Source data
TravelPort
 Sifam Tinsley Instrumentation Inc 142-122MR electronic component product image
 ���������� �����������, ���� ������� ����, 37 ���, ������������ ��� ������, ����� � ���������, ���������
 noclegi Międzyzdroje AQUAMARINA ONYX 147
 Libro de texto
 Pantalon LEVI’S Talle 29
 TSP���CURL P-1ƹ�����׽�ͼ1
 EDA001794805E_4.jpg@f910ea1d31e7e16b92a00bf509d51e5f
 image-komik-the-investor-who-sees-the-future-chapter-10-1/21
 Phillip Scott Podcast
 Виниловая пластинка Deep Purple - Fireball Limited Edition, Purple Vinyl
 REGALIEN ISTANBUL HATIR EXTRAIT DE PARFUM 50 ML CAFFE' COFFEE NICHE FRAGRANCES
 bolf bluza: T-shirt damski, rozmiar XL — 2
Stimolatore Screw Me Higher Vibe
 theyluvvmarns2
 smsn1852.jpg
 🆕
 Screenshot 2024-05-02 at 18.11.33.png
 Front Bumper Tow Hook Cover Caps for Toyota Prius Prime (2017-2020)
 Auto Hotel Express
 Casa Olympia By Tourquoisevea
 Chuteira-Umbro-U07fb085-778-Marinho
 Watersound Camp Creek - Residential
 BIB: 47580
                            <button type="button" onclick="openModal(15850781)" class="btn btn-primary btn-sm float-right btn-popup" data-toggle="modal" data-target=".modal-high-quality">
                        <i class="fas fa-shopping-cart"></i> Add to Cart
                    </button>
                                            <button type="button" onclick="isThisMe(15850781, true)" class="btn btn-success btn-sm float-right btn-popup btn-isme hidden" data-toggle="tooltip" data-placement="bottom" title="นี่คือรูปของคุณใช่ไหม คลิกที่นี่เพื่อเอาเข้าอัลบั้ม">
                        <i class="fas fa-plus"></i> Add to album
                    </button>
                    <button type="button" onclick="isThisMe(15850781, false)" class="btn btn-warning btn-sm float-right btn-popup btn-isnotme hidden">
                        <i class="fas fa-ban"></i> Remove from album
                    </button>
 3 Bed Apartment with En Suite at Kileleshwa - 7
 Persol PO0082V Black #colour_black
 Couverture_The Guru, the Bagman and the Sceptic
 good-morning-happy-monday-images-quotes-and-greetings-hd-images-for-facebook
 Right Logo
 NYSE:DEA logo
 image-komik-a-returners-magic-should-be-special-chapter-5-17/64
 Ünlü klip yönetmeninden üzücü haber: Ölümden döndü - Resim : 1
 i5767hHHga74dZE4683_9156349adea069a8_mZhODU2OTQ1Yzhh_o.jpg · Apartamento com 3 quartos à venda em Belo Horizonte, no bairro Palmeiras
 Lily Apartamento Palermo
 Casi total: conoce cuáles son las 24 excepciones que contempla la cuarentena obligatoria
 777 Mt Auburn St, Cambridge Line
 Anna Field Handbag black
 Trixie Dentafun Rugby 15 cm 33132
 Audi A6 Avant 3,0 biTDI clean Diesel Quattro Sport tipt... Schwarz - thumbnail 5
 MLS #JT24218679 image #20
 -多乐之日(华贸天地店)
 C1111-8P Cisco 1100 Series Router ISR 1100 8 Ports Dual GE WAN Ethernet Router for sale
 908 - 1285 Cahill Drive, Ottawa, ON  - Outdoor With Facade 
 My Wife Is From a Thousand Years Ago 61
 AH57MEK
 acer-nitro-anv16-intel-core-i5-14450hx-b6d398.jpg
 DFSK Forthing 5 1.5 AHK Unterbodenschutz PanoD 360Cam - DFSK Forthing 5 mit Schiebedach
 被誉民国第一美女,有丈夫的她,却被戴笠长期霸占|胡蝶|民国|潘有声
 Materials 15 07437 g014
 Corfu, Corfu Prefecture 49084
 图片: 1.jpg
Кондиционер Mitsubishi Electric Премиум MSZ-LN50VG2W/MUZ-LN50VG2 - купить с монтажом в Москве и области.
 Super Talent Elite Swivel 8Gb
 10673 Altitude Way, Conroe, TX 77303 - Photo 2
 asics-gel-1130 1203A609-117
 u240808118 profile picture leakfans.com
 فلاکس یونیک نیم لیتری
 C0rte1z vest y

■ TASK INSTRUCTIONS
Every line of the entries that includes "toggle" must be copied into the answer.

■ WRITTEN SOLUTION
                            <button type="button" onclick="openModal(15850781)" class="btn btn-primary btn-sm float-right btn-popup" data-toggle="modal" data-target=".modal-high-quality">
                                            <button type="button" onclick="isThisMe(15850781, true)" class="btn btn-success btn-sm float-right btn-popup btn-isme hidden" data-toggle="tooltip" data-placement="bottom" title="นี่คือรูปของคุณใช่ไหม คลิกที่นี่เพื่อเอาเข้าอัลบั้ม">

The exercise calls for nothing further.